Chapter 7.6Training Embedding Models

Production Deployment of Embedding Models

How to take a fine-tuned embedding model from training to production safely. ONNX export, query vs. document pipelines, blue-green rollouts, caching, dynamic batching, monitoring, and the five failure modes that hit teams after launch.

Common Mistake

Vector Mismatch

New query encoder + old document index = incoherent scores. Always re-embed the full corpus after any weight update.

Optimization

2–10x Speedup

ONNX export + quantization (FP32→INT8) typically delivers 2–10x inference speedup with under 1% quality loss.

Re-Embedding

Required

After every model update, the full document corpus must be re-embedded and the ANN index rebuilt before cutover.

Deployment Complexity: Shipping an embedding model is not like shipping a classifier. A classifier update affects predictions. An embedding model update affects every vector in your index. Small model weight changes propagate to every document at serving time. This requires a different deployment pattern than standard ML serving.

1. Two Inference Pipelines: Query and Document

Embedding inference splits into two fundamentally different jobs. Query encoding happens on every search request — it must be fast, with p99 latency under 50ms for most search applications. Document encoding runs as a batch job — it must be throughput-efficient to finish re-embedding millions of documents before query-vs-document drift accumulates.

Online Query Pipeline

Constraint: latency. Every search request waits for this to complete. Users are present.

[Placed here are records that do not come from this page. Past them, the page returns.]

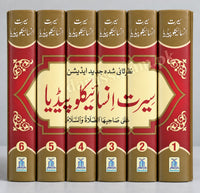 Seerat Encyclopedia 6.Vol set (Jadid Edition)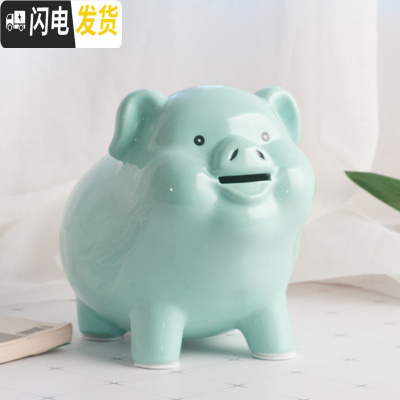 三维工匠猪存钱罐儿童女生不可取只进不出创意抖音陶瓷大人家用容量储蓄罐 8寸人气绿色-可进可出
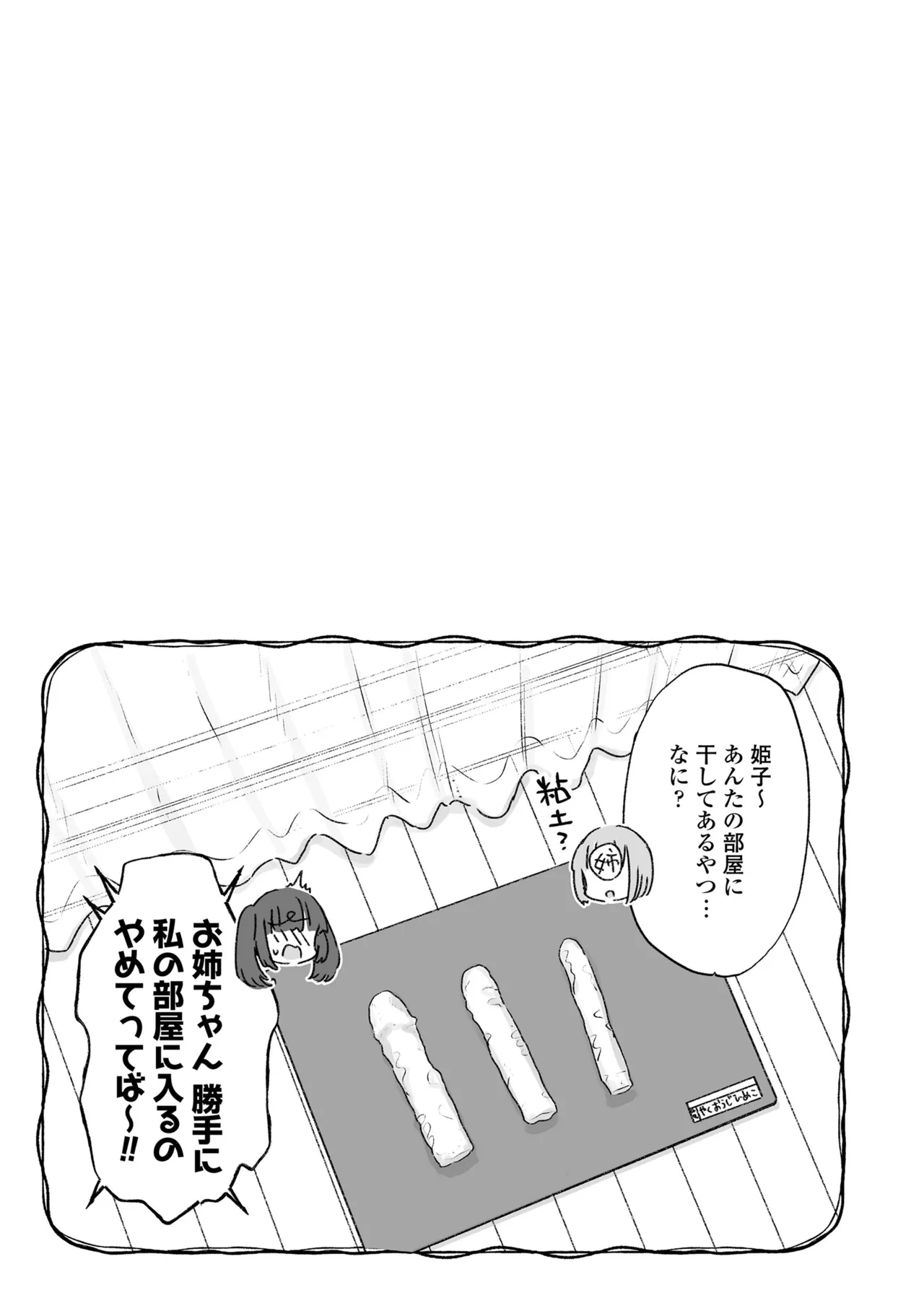 なにがだめなんですか？ Page.23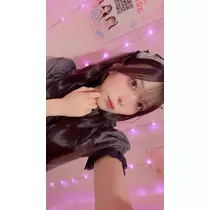 すい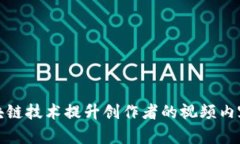 如何利用区块链技术提升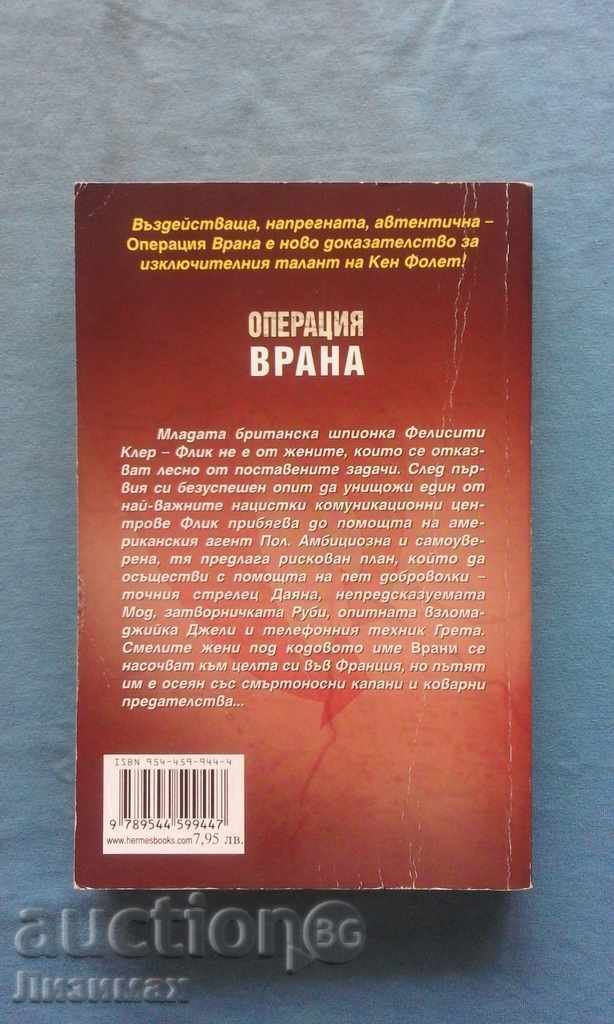 Auction  Ken Follet - Operation 'Vrana'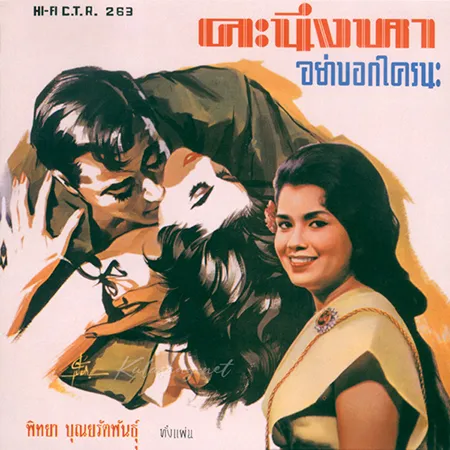 Cover.webp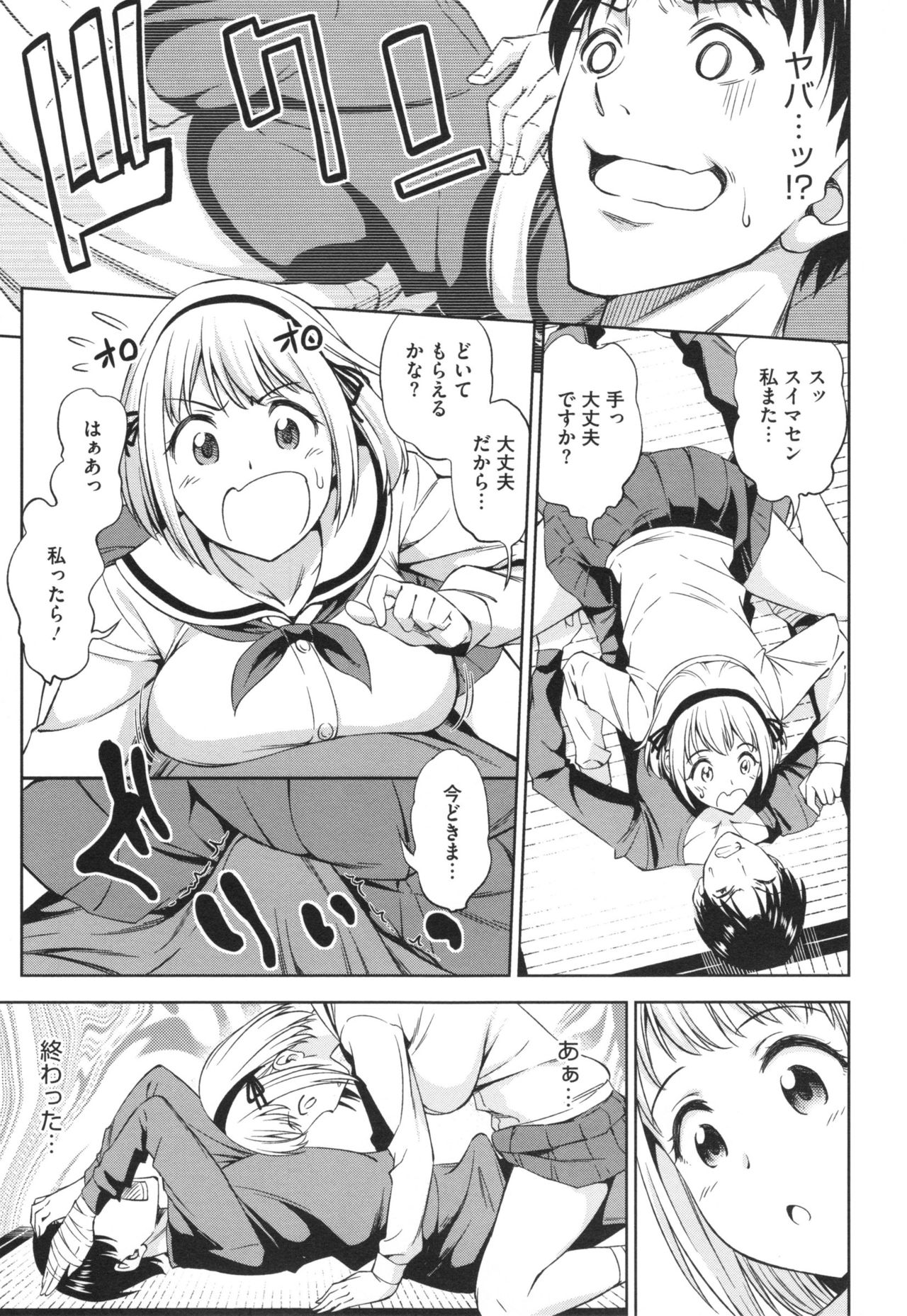 [アスヒロ] 柔肉少女ラブポルノ+ とらのあなリーフレット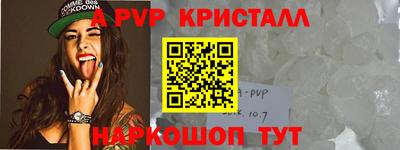 метамфетамин Аргун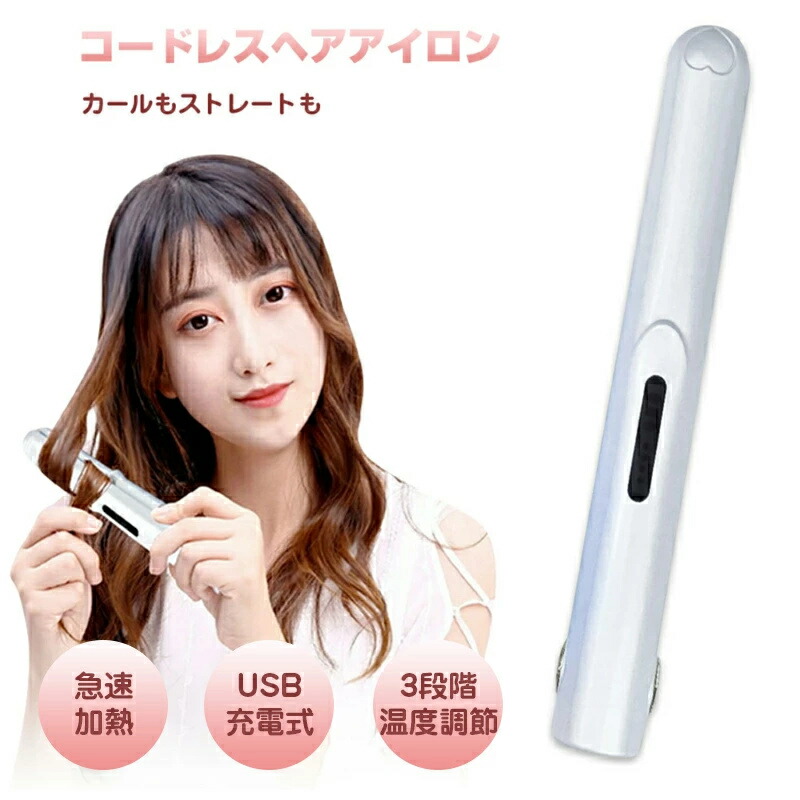 ヘアアイロン コードレス ストレート ミニ ヘアアイロン ストレートアイロン 持ち運び便利 USB充電式 ヘアアイロン ストレート カール 2way  前髪 両用 3段階温度調節 男女兼用 コンパクト 軽量 家庭/旅行用 充電式ヘアアイロン | amazingshop2022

• Model: ONNX-exported, INT8-quantized on GPU
• Batch size: 1 or small batches (1-4)
• Caching: LRU on popular query embeddings
• Target: p99 < 20–50ms

Offline Document Pipeline

Constraint: throughput and cost. Batch job, no user waiting. Must finish before stale index causes drift.

• Model: FP16 or INT8, maximized GPU utilization
• Batch size: 256–2048 per GPU, async multi-worker
• Trigger: any model weight update
• Target: complete full corpus before cutover

2. Model Export and Optimization

Serving a raw PyTorch model in production is inefficient. ONNX export removes Python overhead and enables hardware-specific optimizations. Combined with quantization, this typically delivers 2–10x speedups with under 1% quality degradation when done correctly.

export_onnx.py

import onnxruntime as ort

# Export PyTorch model to ONNX format

torch.onnx.export(

model,

dummy_input,

"model.onnx",

opset_version=17,

input_names=["input_ids", "attention_mask"],

output_names=["last_hidden_state"],

dynamic_axes={"input_ids": {0: "batch", 1: "seq_len"}}

)

# Load optimized session for inference

session = ort.InferenceSession(

"model.onnx",

providers=["CUDAExecutionProvider", "CPUExecutionProvider"]

)

Quantization Levels

Precision	Memory	Speed	Risk
FP32	Baseline	Baseline	None — reference
FP16	50% of FP32	1.5–2x	Minimal — standard for GPU inference
INT8	25% of FP32	2–4x on CPU/NPU	Must validate — embedding norms can shift

Quantization Warning: INT8 quantization is not safe to apply without validation. Embedding norms shift after quantization, especially after L2 normalization. Always benchmark quantized vs. FP32 on your nDCG evaluation benchmark before shipping INT8 to production.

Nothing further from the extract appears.